Looking Forward

I'm always excited about the future even though my enthusiasm often gets dampened by the damned music business. This way of life is difficult. I heard someone once say you better be ready for lots of rejection if you want to be an artist. How true that is. We see our share of rejection.

We sometimes have gigs cancelled, the small charts we manage to get on drive me crazy because one day your there, the next your falling, attendance at shows fluctuates depending on the weather and what's on TV (something U-2 does not worry about). Sales of CDs and digital downloads are up and then down. I could go on and on. However, I must say that the good outweighs the bad and you just have to let the bad news splash off your back and examine the reality. You also have to remember, what your definition of success? I don't expect to be doing any more than I am. I certainly don't expect to be playing sold out stadiums etc. I just want to play every night for a crowd, big or small, that enjoys being part of a live show. So far, I get to do that about 2 to 3 times a week so I would never complain. But I do want more.

We have accomplished a lot this year. The new venues we are in (Gruene Hall, Railroad Blues, the Dock etc.) are fantastic, fan base has grown a lot and the people that are following are loyal and friendly. I really feel like the people on our mailing list, facebook, myspace, twitter etc. are my friends. I'm glad to see them at shows and we share music in common.

So what am I looking foward to? That questino requires a little history to put in full perspective. This is the first year in the last five that we are not going to Memphis, TN to compete in the International Blues Challenge and I'm glad. It was a great learning experience but was beginning to make me bitter and I'm glad to get away from it. There is a lot of really, really great talent there but it seems that talent is not always the deciding factor. Politics, as usual, play a big role and that competition, while intending to broaden the acceptance of "blues" music, is actually working to stifle it.

I'm a little frustrated with the whole "blues" thing. The "Blues Traditionalist" continue to hinder the growth of the genre by rewarding those artists that are stuck back in the 1940's and sound like a old scratchy phonographic record. Pure blues is fine and some of my favorite current artists do it well. But I've seen some smoking good players, singers, and songwriters in Memphis get beat out by posers. I've seen artists that were true to their heart and soul get beat out by actors in fedora hats playing someone else's music and acting like they were stuck in the 1930s. The overflow of that is that it's become a curse to say you play the blues because everyone has this picture of Robert Johnson playing an old out of tune acoustic guitar and singing about slavery. The Blues media insists on keeping it from naturally developing.

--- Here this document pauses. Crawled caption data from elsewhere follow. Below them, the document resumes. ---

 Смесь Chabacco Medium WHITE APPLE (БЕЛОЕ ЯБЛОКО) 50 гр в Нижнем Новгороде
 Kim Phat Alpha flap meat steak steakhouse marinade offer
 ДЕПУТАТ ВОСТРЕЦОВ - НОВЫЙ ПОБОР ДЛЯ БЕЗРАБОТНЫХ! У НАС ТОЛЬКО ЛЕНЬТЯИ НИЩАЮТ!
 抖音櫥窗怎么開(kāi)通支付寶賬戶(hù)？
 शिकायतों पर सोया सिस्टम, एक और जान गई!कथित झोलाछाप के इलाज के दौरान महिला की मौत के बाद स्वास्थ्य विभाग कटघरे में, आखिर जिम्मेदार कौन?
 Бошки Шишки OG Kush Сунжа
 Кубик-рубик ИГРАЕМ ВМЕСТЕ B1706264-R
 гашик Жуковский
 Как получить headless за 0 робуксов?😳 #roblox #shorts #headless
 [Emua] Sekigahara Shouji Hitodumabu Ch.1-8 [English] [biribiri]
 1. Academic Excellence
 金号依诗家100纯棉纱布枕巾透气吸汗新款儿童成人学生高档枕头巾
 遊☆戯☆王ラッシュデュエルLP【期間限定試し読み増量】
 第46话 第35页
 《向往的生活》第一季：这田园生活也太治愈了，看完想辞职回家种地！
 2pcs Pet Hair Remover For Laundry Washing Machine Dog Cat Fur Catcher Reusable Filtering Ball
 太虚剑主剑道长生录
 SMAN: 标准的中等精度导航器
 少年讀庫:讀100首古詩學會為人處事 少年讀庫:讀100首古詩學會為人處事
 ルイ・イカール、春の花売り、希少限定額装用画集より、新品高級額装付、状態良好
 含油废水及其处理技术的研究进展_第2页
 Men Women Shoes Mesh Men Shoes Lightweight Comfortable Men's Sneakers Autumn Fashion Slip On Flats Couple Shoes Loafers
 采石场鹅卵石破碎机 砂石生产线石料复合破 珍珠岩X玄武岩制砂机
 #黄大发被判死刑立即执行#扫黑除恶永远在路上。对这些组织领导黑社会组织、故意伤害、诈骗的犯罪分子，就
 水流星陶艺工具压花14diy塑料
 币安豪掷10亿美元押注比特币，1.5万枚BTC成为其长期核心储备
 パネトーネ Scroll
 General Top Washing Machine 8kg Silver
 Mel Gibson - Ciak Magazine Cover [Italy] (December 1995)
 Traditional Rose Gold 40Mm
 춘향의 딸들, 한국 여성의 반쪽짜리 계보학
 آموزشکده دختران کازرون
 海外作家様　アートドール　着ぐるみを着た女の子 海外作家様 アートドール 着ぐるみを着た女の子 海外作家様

At the time Robert Johnson was singing the blues, believe me, it was cutting edge. People were convinced he sold his soul to the devil. The lyrics of John Lee Hooker and Muddy Waters and others were seductive, sexy, and way different than anything people had heard. Hell, that's was got groups like the Beatles and Rolling Stones into music. But that cutting edge out there scene died off when people started insisting that "Blues" artists remain true to the form. Rock and roll carried the torch and still does to this day. But new "blues" is pitifully close to extinction. Ok, enough about this for now. Let me just end by saying even though I once thought I was a Blues artist, it has become very clear to me that I'm NOT. The Blues community, industry leaders, record labels, etc. etc. have told me I'm too country, or too rock, or just not bluesy. Ok, I quit. I'm not going to even try to call myself a blues artist anymore because by your definition of the blues, I'm not close. Glad I got that off my chest.

I feel safe and appreciated in Texas. The people I play for are music lovers. I have guys in Cowboy hats high fiving me and hippies giving me the thumbs up. Everyone in between seems to be having a blast so we must be doing something right. The reality is that I love to play music for people more than anything. I get to do that all the time and it's always good. I love the sound of a cool drum beat with guitar and bass winding their way around it to create a moment whether it's Blues, Southern Rock, Country, or Funky New Orleans Little Feat Americana. Whether there are 10 people or 1000 people in the crowd, it's always good and I mean it!

Because of this internal categorization frustration, my next album is going to be no holds barred, whatever comes out, music from my soul with no thought about genre. I think as a writer, I'm just learning to really open up and want to expose more of myself than I probably should. But that's what works. That is what people relate to. So, long story short, this is going to be a monumental year for us. I'm going at this with an intensity and focus on the FUN of playing music. It will be interesting to see where it takes us but I'm looking forward to it!

Thanks for your support. You really can't imagine what it means.